TASK STATEMENT —
Return the records below exactly; pictures stay out.

EXTRACTED DATA Start Marker

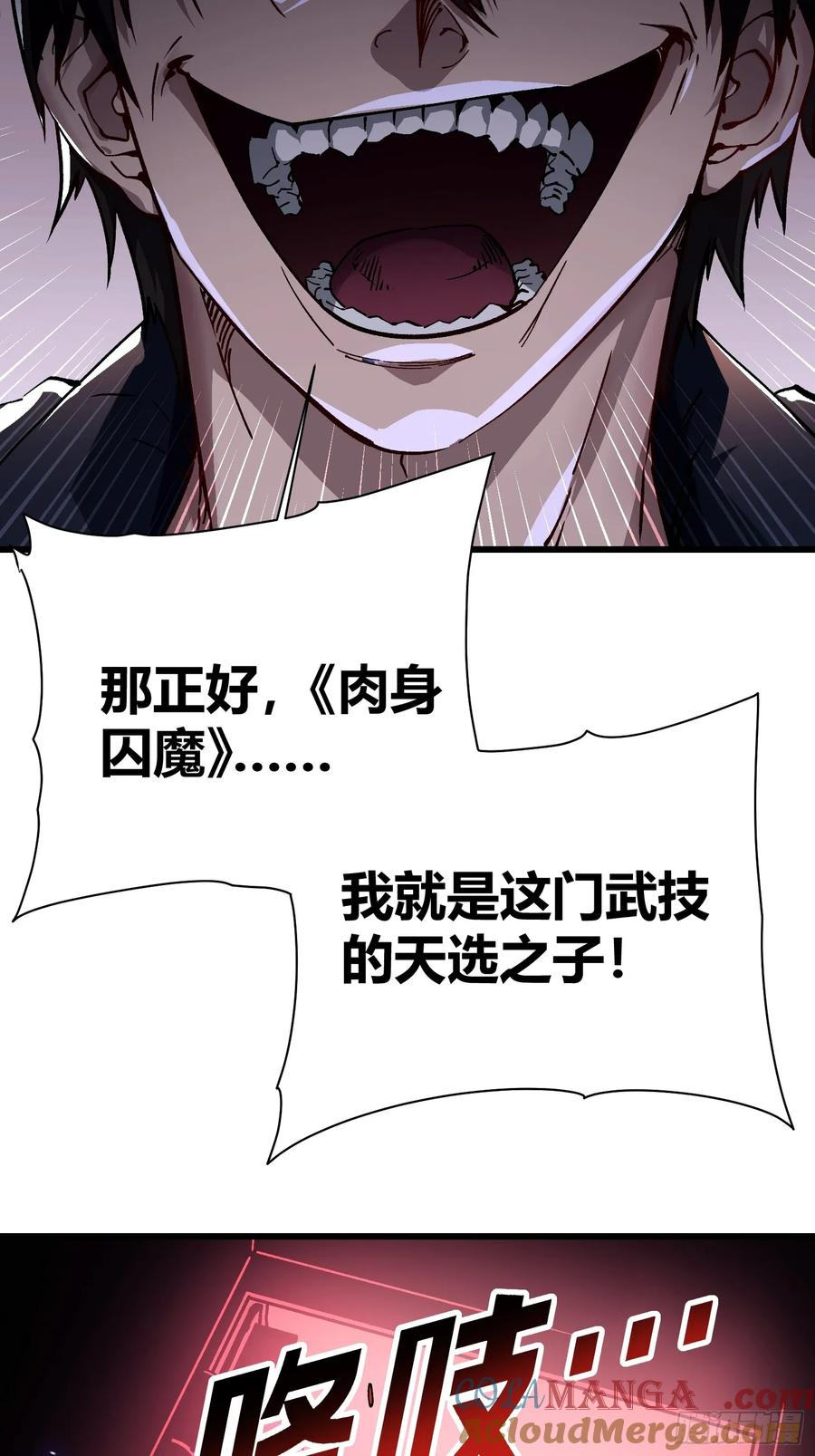 018金龟婿 第46页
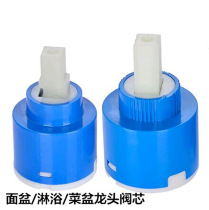 Ceramic valve core single - handle cold and hot tap 35 40 valve core basin shower faucet valve valve valve accessories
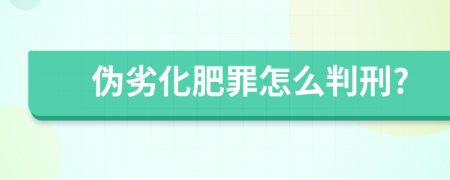 伪劣化肥罪怎么判刑?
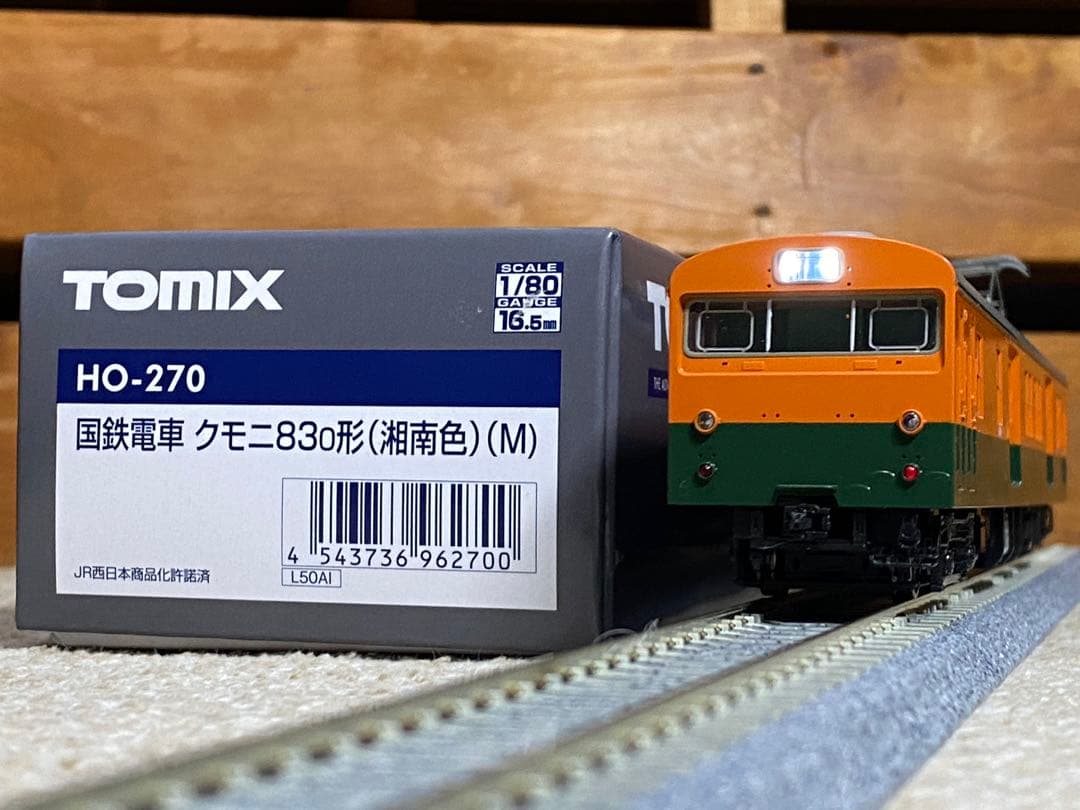 TOMIX HO-270 クモニ83形 湘南色(M)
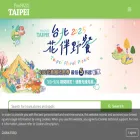 funpass.travel.taipei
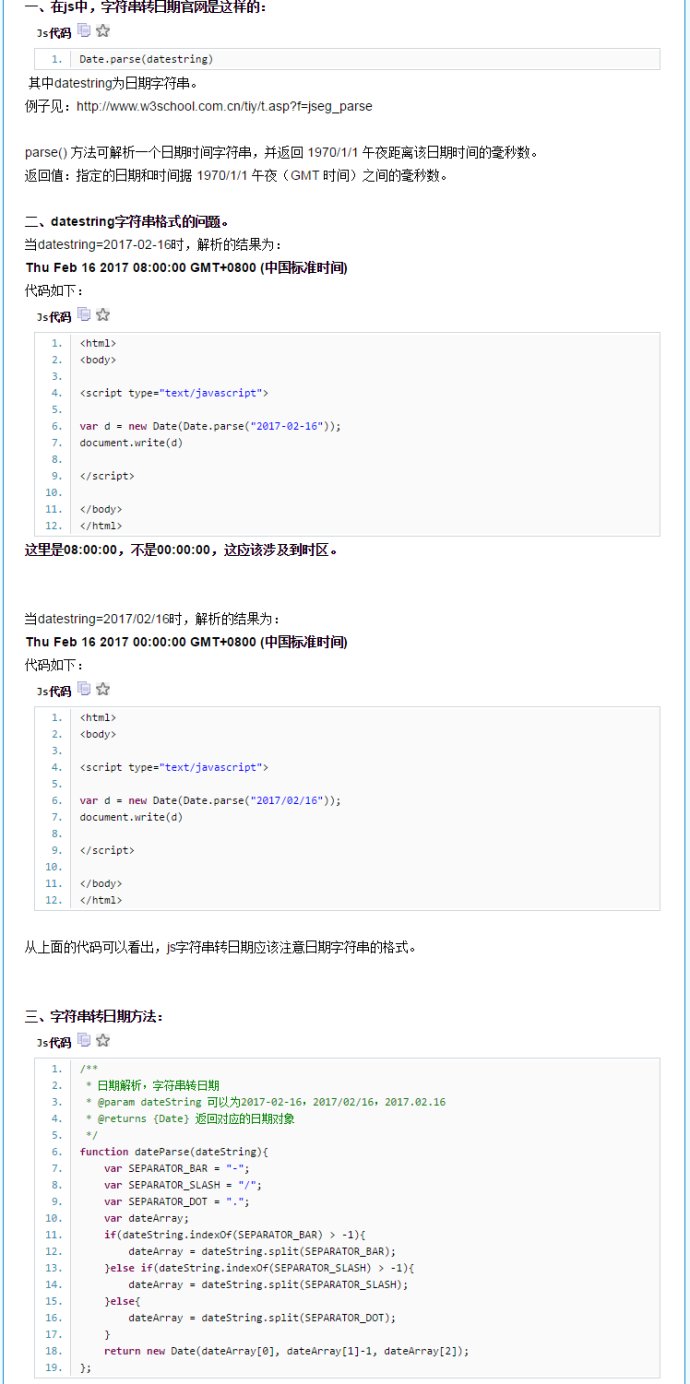 图片8.jpg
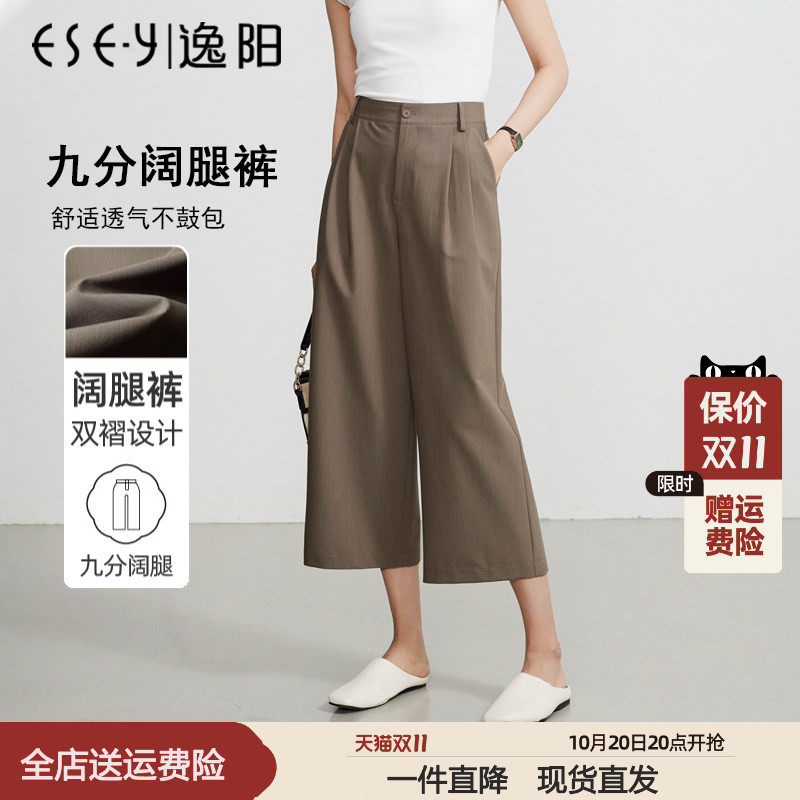 逸阳高腰八九分直筒阔腿裤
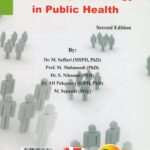 back cover اپیدمیولوژی کاربردی در سلامت عمومی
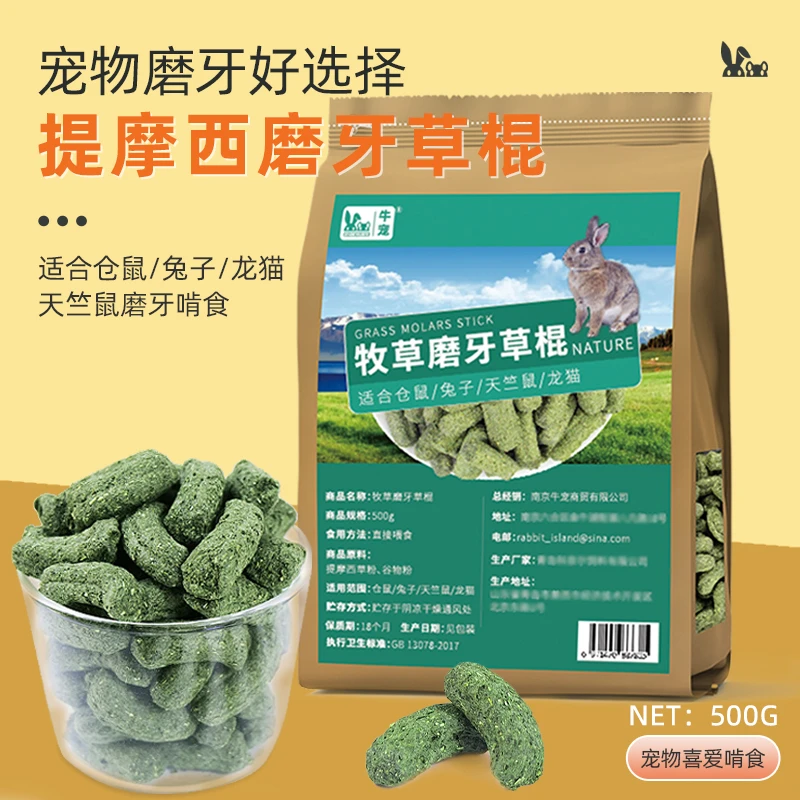 3包包邮 提摩西草磨牙棒牧草草棍500g仓鼠兔子龙猫荷兰猪豚鼠粮食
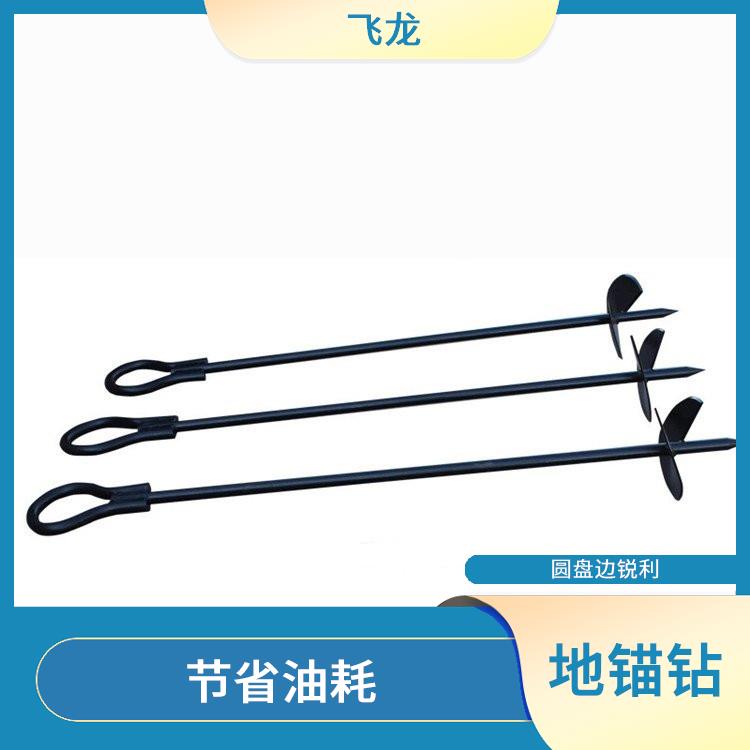 河北廊坊电力拉线地锚型号 表面光滑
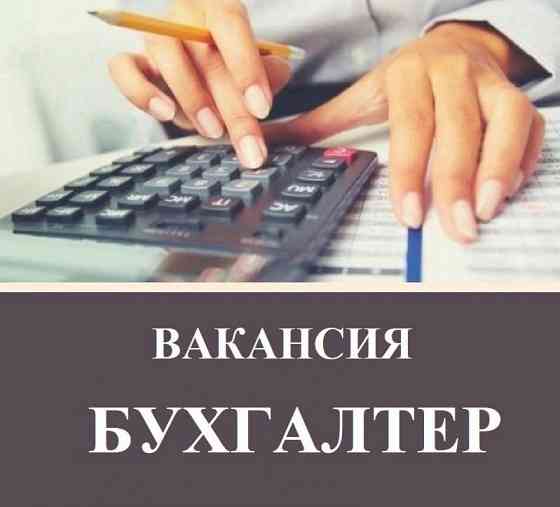 Срочно требуется бухгалтер. Донецк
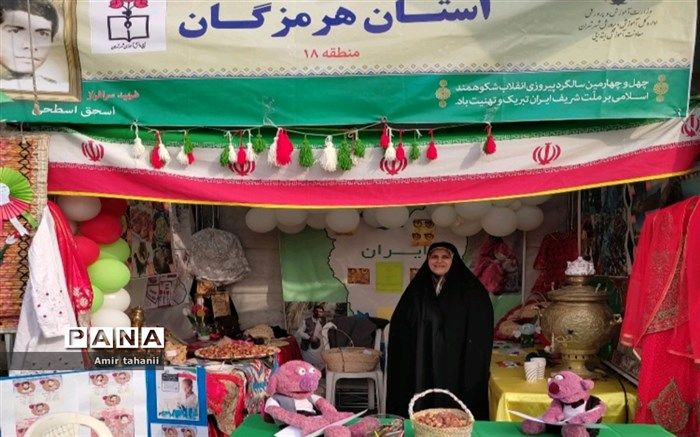 نمایشگاه اقوام یکی از ظرفیت‌های بزرگ تقویت هویت ملی فرزندان انقلاب است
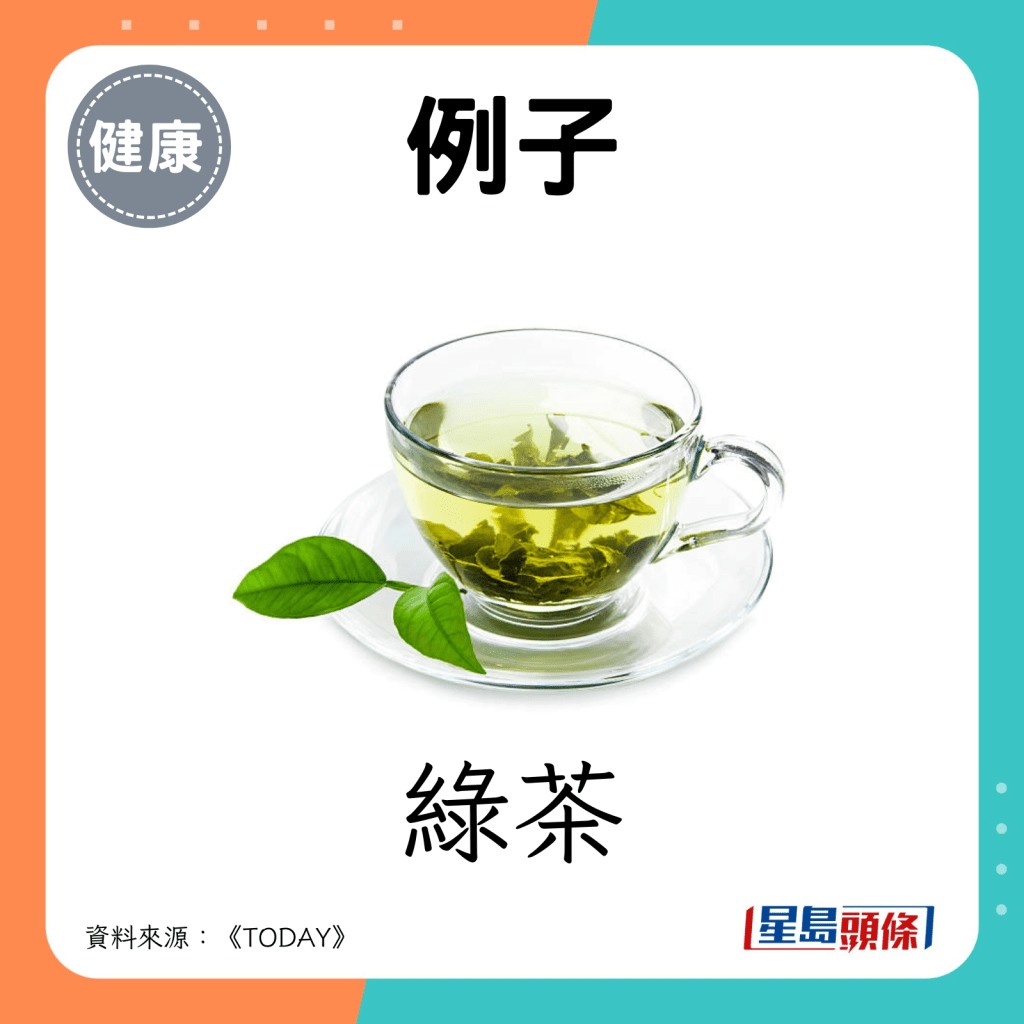 綠茶。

EXTRACTED DATA End Marker

EXERCISE RESPONSE —
 018金龟婿 第46页
 Ceramic valve core single - handle cold and hot tap 35 40 valve core basin shower faucet valve valve valve accessories
 伪劣化肥罪怎么判刑?
 TOMIX HO-270 クモニ83形 湘南色(M)
 funpass.travel.taipei
 图片8.jpg
 逸阳高腰八九分直筒阔腿裤
 back cover اپیدمیولوژی کاربردی در سلامت عمومی
 3包包邮 提摩西草磨牙棒牧草草棍500g仓鼠兔子龙猫荷兰猪豚鼠粮食
 河北廊坊电力拉线地锚型号 表面光滑
 Срочно требуется бухгалтер. Донецк
 نمایشگاه اقوام یکی از ظرفیت‌های بزرگ تقویت هویت ملی فرزندان انقلاب است
 綠茶。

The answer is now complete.